Pros and Cons of Third Party Tools
Apart from its rosy, near-term fiscal prospects, Del.icio.us also has the advantage, thanks to its open architecture, of a rabid user community that has produced a plethora of tools to help users manipulate their own store of bookmarks with greater ease. The deal-clincher for me is Cocoalicious, a very sharp desktop tool for Mac OS X that allows direct, browser-free management of my Del.icio.us bookmarks. Spurl has nothing like it, as far as I can tell.
Without this surfeit of third party tools, however, Del.icio.us is a relatively poor tool for doing anything other than adding your own bookmarks and free-tagging them in a so-called folksonomy. To import my bookmarks from Spurl, I had to use Del.icio.us Loader, a nice free service from Julian Bez that, unfortunately, led me to make some tagging errors during the import process (my own fault). As a result, I needed to delete a ton of bookmarks — a real pain to do directly on the Del.icio.us Web site. There may have been a third-party tool to do this too, but I didn’t look hard enough to find one.
Mine, All Mine
Anyway, readers may have noticed that the Elsewhere section of this site is not managed with a social bookmarks service, in spite of its natural suitability for such. Ostensibly, the reason I cite for that is that Del.icio.us won’t allow me the fine-grained control over my own links that I prefer, specifically the ability to add star ratings for each.
Just as important, though, is the fact that I don’t feel entirely comfortable with storing content — and I regard those links as content — on anybody else’s server but my own. I use Del.icio.us (and before it, Spurl) purely to store bookmarks that I don’t think are appropriate for Elsewhere, bookmarks that I just want to remember for myself, not to share with others.

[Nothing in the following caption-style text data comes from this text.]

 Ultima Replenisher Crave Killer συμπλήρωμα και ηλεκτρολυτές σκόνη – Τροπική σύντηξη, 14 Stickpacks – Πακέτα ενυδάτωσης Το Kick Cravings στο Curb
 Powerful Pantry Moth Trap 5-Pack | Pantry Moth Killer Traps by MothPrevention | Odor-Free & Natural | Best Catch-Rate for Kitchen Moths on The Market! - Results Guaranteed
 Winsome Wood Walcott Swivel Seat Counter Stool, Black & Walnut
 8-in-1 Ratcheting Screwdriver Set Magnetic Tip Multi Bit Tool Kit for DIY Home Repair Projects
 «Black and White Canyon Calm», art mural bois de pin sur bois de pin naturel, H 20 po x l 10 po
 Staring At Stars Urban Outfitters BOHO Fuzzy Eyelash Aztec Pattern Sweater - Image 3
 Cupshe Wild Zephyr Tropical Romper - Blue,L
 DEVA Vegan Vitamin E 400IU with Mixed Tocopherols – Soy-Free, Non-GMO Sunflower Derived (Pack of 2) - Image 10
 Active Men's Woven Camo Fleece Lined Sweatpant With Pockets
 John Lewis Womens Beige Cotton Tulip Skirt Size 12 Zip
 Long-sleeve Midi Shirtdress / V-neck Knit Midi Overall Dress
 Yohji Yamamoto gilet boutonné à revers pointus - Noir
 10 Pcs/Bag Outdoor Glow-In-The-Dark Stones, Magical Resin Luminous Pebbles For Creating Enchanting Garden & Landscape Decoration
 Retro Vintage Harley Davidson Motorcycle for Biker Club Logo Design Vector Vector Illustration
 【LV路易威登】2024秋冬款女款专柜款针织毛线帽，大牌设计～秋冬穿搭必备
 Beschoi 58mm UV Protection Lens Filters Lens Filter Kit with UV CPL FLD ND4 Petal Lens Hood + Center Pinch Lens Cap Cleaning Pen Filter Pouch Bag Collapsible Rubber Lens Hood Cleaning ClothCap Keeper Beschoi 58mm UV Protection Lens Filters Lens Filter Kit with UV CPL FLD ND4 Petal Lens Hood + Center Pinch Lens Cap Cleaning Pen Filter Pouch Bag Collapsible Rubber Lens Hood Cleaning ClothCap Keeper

The Anti-Social Bookmarks Manager
It does pain me a bit to know that Elsewhere is not participating in the great social experiment that is social bookmarking, but I’m a codger when it comes to trusting others with my own content. For an enterprise that is run entirely on free time and my own passion, the content I produce on this site — whether curated links or full-fledged weblog posts — is absolutely the most important resulting asset, and I feel more comfortable with it under my own purview and no one else’s.